A presidência da COP29, comandada por Mukhtar Babayev, ministro da Ecologia e dos Recursos Naturais do Azerbaijão, foi muito fraca e se deixou levar pelos europeus, hoje importantes compradores do gás natural extraído no Azerbaijão depois que o fluxo do gás russo foi cortado por causa da guerra contra a Ucrânia.

Não que Babayev tenha admitido isso. Nesta segunda-feira (25), um dia após o fim da cúpula, ele publicou um artigo no jornal britânico The Guardian lembrando que o valor inicial proposto pelas nações desenvolvidas era ainda menor, de 250 bilhões de dólares – cifra que só apareceu na mesa na quinta-feira (21) cedo, faltando menos de 48 horas para o que deveria ser o fim da conferência (no fim da sexta-feira). As negociações acabaram se arrastando até a madrugada de domingo, mas sobrou pouco tempo para evoluir em algo melhor.

Babayev tentou se justificar, dizendo saber que o acordo é imperfeito. E buscou se eximir da culpa, trazendo à tona a pouca habilidade diplomática que o país exibiu ao longo de toda a conferência. 

“É o negócio que quase não aconteceu”, escreveu. “Minha equipe de negociação e eu não apresentamos esta proposta de US$ 250 bilhões porque a consideramos suficiente para combater a crise climática, nem quisemos adiar o seu anúncio para os últimos dias da cúpula, deixando tão pouco tempo para alterá-la. Em vez disso, trouxemos isso para a mesa porque o norte global tinha simplesmente se mostrado irredutível aos nossos esforços para aumentar este número ou anunciá-lo mais cedo.” 

Ele revelou ainda que foi por insistência dos países ricos que a proposta não fosse apresentada até o penúltimo dia. “Para o sul global isso, com razão, fez com que tudo parecesse um fato consumado. A minha equipe de negociação defendeu veementemente que os rascunhos fossem tornados públicos muito mais cedo. Mas isso não aconteceria.”

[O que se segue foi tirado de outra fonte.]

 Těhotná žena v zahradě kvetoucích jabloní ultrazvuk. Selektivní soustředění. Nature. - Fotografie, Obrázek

Segundo Babayev, a China, cobrada a colaborar com a meta financeira, estava se articulando para também colocar dinheiro na mesa e fazer com o que o recurso chegasse ao menos a 500 bilhões de dólares, desde que explícito que era de modo voluntário e que os desenvolvidos fizessem mais. “Mas eles não fizeram”, disse o ministro. 

Honestidade interessante, porém pouco típica do que reza a boa diplomacia, sempre cuidadosa em apontar o dedo ou revelar detalhes das negociações. Seja como for, a verdade é que os acontecimentos em Baku abalaram o multilateralismo.

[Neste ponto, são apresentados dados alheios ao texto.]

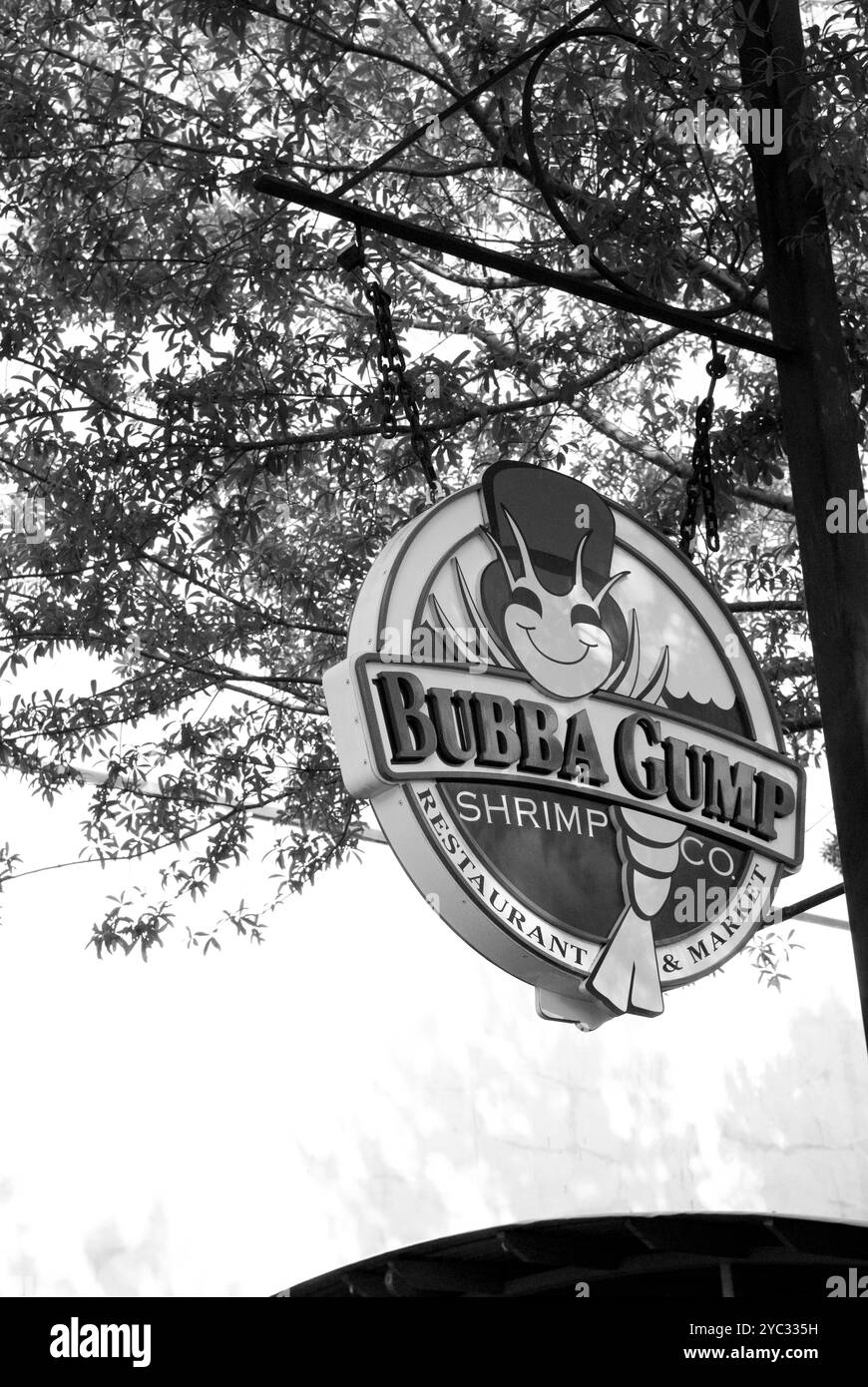 Bubba Gump Shrimp Co. Restaurantschild an der Market Street in Charleston, South Carolina, USA. Stockfoto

O peso de tudo isso recai agora sobre o Brasil, sede da próxima COP. Bati um papo rápido com Ana Toni, secretária de Mudança de Clima do Ministério do Meio Ambiente, que participou ativamente dos esforços para melhorar o acordo e não deixar que Baku terminasse sem uma solução. Ela lamentou que tenha sido assim.

“A COP29 foi um triste reflexo da política nacional dos principais países ocidentais. Dos principais países desenvolvidos e doadores. Eles não mais conseguem convencer seus eleitores da importância da política multilateral do clima. Se esquecem que este é um problema global, que as emissões não têm fronteiras, e que somente soluções globais, que envolvam a todos, podem combater as mudanças do clima. Isso significa que, sem ajudar os países em desenvolvimento, não haverá solução global”, afirmou.

Nas redes sociais, ela complementou. “Ao Brasil, como presidente da COP30, resta agora a tarefa de recuperar a confiança no processo multilateral, que saiu esgarçada de Baku.” A competente diplomacia brasileira vai ter de sambar.